Anyway, I sort of strayed from my point and rambled loads haha! I can't wait to hear other people's opinions too!


----------



## jobo (May 7, 2018)

FireBreathingBeast said:


> I'm posting this in the JKD forum as I know JKD includes fighting within all four standing ranges, although it's not exclusively a JKD-esque question.
> 
> For those who might not know: there are typically four known ranges from what I can tell; kicking, striking, trapping (Often used in Wing Chun, JKD and even Krav Maga, like an inbetween of Striking and Grappling where contact is minimal but is always present still) and grappling (Can be groundwork, but also standup such as sweeps and throws).
> 
> ...


My favourite range is about 2miles away


----------



## Martial D (May 7, 2018)

FireBreathingBeast said:


> I'm posting this in the JKD forum as I know JKD includes fighting within all four standing ranges, although it's not exclusively a JKD-esque question.
> 
> For those who might not know: there are typically four known ranges from what I can tell; kicking, striking, trapping (Often used in Wing Chun, JKD and even Krav Maga, like an inbetween of Striking and Grappling where contact is minimal but is always present still) and grappling (Can be groundwork, but also standup such as sweeps and throws).
> 
> ...


Trapping range is a bit problematic, as it is also punching range.


----------



## FireBreathingBeast (May 7, 2018)

jobo said:


> My favourite range is about 2miles away


Lol my instructor used to always say: "...You have a few options here, strike, lock or even just run away, in which case your the best self defense artist in the world"

A fight that your not in, is a fight won


----------



## FireBreathingBeast (May 7, 2018)

Martial D said:


> Trapping range is a bit problematic, as it is also punching range.

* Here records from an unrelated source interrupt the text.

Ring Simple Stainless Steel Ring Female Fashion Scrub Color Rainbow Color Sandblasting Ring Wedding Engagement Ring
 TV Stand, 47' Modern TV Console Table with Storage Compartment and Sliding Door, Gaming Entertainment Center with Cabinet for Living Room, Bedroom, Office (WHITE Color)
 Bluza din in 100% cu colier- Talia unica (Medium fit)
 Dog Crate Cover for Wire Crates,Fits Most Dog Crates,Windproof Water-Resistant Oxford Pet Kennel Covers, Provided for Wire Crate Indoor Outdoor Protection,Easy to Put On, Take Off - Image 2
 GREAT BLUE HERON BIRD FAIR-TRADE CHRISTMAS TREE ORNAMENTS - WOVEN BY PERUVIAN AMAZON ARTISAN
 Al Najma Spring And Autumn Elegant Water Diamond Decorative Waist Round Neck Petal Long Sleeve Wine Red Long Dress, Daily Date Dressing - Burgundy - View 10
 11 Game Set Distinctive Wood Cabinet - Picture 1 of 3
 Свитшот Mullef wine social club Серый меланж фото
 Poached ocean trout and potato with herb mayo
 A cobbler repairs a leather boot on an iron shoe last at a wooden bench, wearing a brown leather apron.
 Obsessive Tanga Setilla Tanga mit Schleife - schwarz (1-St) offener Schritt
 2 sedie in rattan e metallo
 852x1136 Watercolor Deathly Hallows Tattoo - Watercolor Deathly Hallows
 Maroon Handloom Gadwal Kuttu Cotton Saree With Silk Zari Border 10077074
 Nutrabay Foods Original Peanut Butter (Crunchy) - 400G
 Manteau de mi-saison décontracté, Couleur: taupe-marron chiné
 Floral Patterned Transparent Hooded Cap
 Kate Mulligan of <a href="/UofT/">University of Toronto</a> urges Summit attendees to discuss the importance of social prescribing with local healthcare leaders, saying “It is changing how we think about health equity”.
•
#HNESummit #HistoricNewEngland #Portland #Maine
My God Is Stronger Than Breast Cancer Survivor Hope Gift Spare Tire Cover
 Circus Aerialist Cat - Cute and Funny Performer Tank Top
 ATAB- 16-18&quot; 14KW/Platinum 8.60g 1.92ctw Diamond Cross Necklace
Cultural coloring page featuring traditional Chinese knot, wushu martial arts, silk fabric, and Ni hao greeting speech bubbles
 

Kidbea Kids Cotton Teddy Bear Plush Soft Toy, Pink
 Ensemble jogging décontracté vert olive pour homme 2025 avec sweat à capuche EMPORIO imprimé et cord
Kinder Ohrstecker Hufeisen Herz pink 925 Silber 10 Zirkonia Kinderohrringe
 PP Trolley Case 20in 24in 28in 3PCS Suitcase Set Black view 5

Hmm, that's right. Although trapping retains constant contact and can also feature lowline traps and knees. Although I think it'd take an artist more experienced than myself to argue that point. But good thinking on that! Something I obviously didn't take into account, cheers bud!


----------



## Headhunter (May 7, 2018)

I never want to be in close range why would I want an attacker anywhere near me I want them as far away as possible


----------



## hoshin1600 (May 8, 2018)

FireBreathingBeast said:


> I'm posting this in the JKD forum as I know JKD includes fighting within all four standing ranges, although it's not exclusively a JKD-esque question.
> 
> For those who might not know: there are typically four known ranges from what I can tell; kicking, striking, trapping (Often used in Wing Chun, JKD and even Krav Maga, like an inbetween of Striking and Grappling where contact is minimal but is always present still) and grappling (Can be groundwork, but also standup such as sweeps and throws).
> 
> ...



i prefer in close fighting.  i would not call trapping range "stand up BJJ"   your to far away , there is really no functional difference between punching range and trapping range.  if you want to be BJJ close you need to have chest to chest contact or have your head on his shoulder. yes you can stand up fight from there.


----------



## Martial D (May 8, 2018)

As per the op. Sparring I like to be just outside the pocket, as Ive got long *** monkey arms and can outrange most people with my hands (assuming my footwork is on point).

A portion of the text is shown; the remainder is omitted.